The government has taken significant steps to promote electric vehicles. An amount of Rs 500 crore has been earmarked for electric ambulances, with guidelines expected by early 2026. Additionally, electric buses will be deployed in nine major cities with populations exceeding 40 lakh.

Under the scheme, Rs 3,679 crore will be allocated for demand incentives for various vehicles, including two-wheelers, three-wheelers, ambulances, and trucks. A budget of Rs 7,171 crore has been set aside for e-bus charging infrastructure and testing upgrades.

Potential Impact on the EV Sector

The government has announced that subsidies for electric two-wheelers and three-wheelers will end on 31 March 2026. Currently, these vehicles receive an incentive of Rs 5,000 per kWh, which will be reduced to Rs 2,500 per kWh in FY2026, capped at a maximum of 15% of the vehicle’s ex-factory price.

According to The Times of India, Abhinav Kalia, CEO and co-founder of ARC Electric, said that extending the scheme until FY2028 is crucial for sectors like buses, trucks, and charging infrastructure.
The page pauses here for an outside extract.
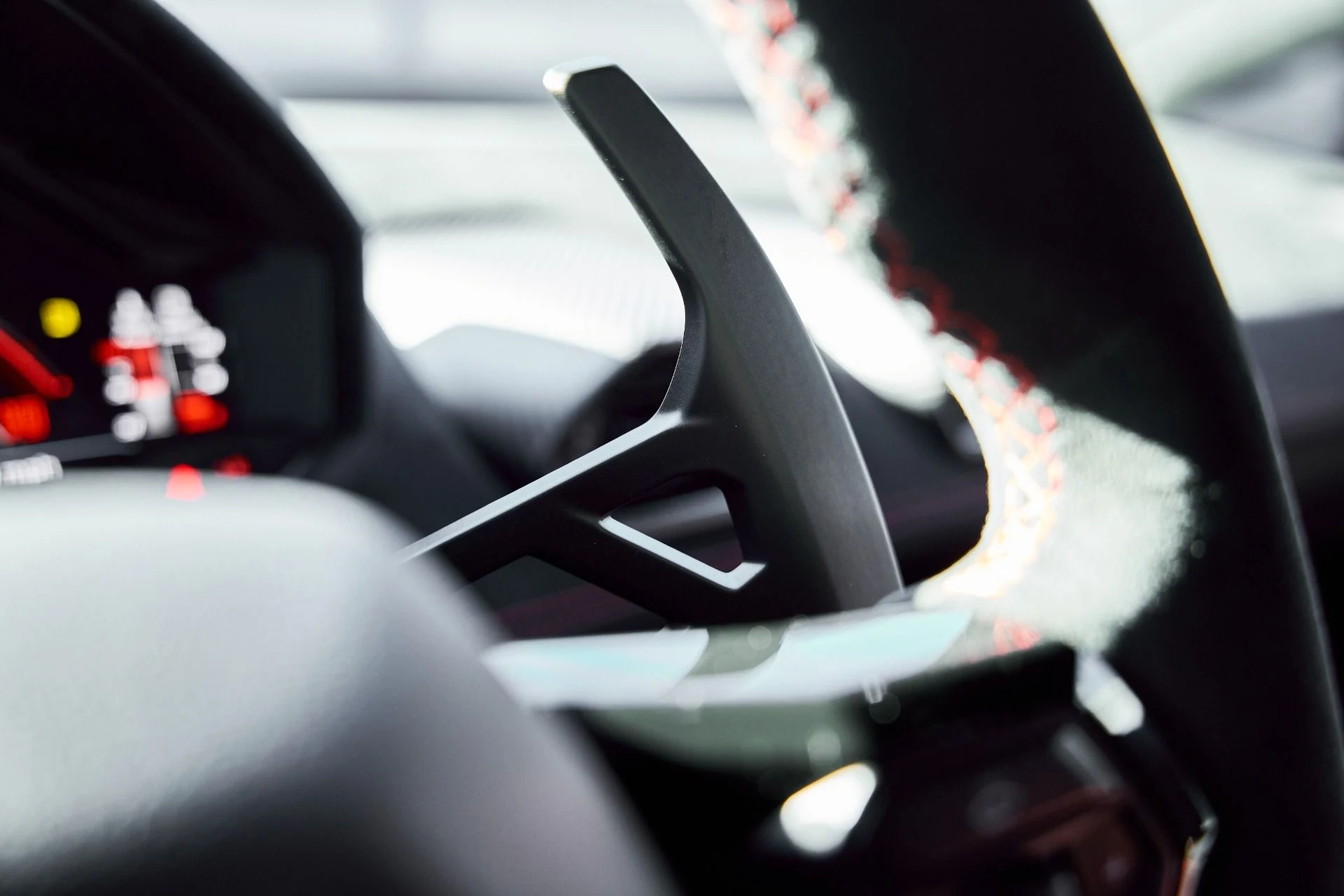 mph058_3847686488_Used_2023_Lamborghini_Huracan_STO_Base_1771381316_b97b766560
He added that if the proposed 88,500 charging stations are installed beyond metro cities, it could be a game changer for the EV ecosystem. However, for EV makers, once subsidies for two-wheelers and three-wheelers end, the main challenge will be to maintain affordability and ensure easy market access.

What Does It Mean for Investors?

There may be long-term opportunities in stocks related to EVs and charging infrastructure. Companies involved in charging station manufacturing, battery supply chains, and electric bus production could directly benefit from this policy extension.

The government has signalled its readiness to make strong interventions in the public and commercial EV segments. Investors should therefore monitor companies with a ready product line for large EV projects and active participation in government tenders.

However, the removal of subsidies for two-wheelers and three-wheelers could negatively impact companies whose business models rely heavily on these incentives. Investors should carefully assess such companies’ revenue sources and product mix.

What’s Next?

According to The Times of India, the PM E-Drive scheme will transform the EV sector in the coming years, with 88,500 charging sites beyond metro cities acting as a game changer. The E-3W L5 category is also gaining traction — as Ayush Lohia. CEO, YOUDHA, noted, incentives of Rs 50,000 in year one and Rs 25,000 in year two are motivating both buyers and OEMs.

Abhinav Kalia pointed out that after 2026, in a subsidy-light ecosystem, affordability and accessibility will be critical.

More than half of the total allocated funds remain unused, which will help support future growth. This scheme aims to make India a self-reliant EV economy amid global trade tensions and to replace diesel trucks, which contribute 42% of emissions. Overall, it is a strong step toward sustainable mobility, potentially increasing EV adoption to 28,87,079 vehicles.

*The article is for information purposes only. This is not investment advice.